When he picked up the phone at his home in Scottsdale, Ariz., last month, James Joseph Minder realized it was the call he'd been dreading for the past 20 years.

A reporter with the Arizona Republic had an urgent question for the 74-year-old chairman of Smith & Wesson Holding Corp.: Was he the notorious felon known as the "Shotgun Bandit" in Michigan decades ago?

Minder felt a flash of fear. At first he insisted the reporter had a case of mistaken identity. "I told him, 'I'm not that person,'" he recalled. He confirmed his name and date of birth. Then, they hung up.

But after talking to his wife of 28 years, Minder said he decided that "I had better tell the truth."

Minder quickly informed the other members of the company's board and, at the next meeting, tendered his resignation as chairman.

While his wife, son and some old acquaintances were aware of his past, the news has shocked friends, associates and board members. They can't reconcile the affable, grandfatherly chairman with the bandit described in decades-old news clippings.

As a serial armed robber in Michigan, Minder used a revolver -- for a while it was a Smith & Wesson -- and a sawed-off 16-gauge shotgun. He stole getaway cars and disguised himself with dark glasses, a trench coat and a flat-top hat. He escaped from prison and once terrorized employees at a branch of Manufacturers National Bank before stealing $53,000.

The dozens of holdups, some done while he was a student at the University of Michigan, earned him notoriety: "U-M Genius Can't Stay Out of Jail," the Detroit Free Press wrote in 1962.

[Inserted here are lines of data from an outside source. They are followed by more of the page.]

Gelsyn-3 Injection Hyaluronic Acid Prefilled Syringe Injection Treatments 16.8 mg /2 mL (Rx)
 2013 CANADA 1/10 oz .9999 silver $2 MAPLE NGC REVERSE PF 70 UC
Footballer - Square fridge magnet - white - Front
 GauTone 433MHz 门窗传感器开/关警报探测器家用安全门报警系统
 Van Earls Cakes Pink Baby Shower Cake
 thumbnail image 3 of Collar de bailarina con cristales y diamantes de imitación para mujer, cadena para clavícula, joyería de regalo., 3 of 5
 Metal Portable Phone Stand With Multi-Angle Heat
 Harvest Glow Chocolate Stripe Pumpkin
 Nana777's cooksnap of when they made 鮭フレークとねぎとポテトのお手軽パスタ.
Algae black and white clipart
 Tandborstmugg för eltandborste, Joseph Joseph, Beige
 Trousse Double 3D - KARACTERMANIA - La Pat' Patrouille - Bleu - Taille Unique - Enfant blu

"Those years are very fuzzy to me," Minder said recently. "I have repressed the memories."

Turning life around

His story is all the more remarkable for what he has done since.

After his final prison stint ended in 1969, he decided to turn his life around, he said. Before becoming chairman of Smith & Wesson, he spent more than two decades setting up programs and group homes for delinquent, abused, neglected and developmentally disabled children and young adults in Michigan.

By the mid-1990s, a nonprofit he started with his wife was providing board, counseling or foster-home placement for more than 1,000 young people a day.

"If my work in the field changed the lives of those children, then I accomplished what I set out to do and this is the legacy I leave behind," he said.

Minder said he has had a clean record since 1965, but there have been many times when he struggled with the secrets from his past.

"Obviously, the early years were nothing to be proud of," he said. "Unfortunately, that's the cross I bear, I guess."

While much of Minder's account is confirmed by newspaper reports, some of it couldn't be independently corroborated.

A 'vagabond existence'

Born in 1930 in Clinton, Mass., Minder said he lived a "vagabond existence" early on. "Any social worker in the country could write the scenario of my early life," he said. "It was a terrible childhood."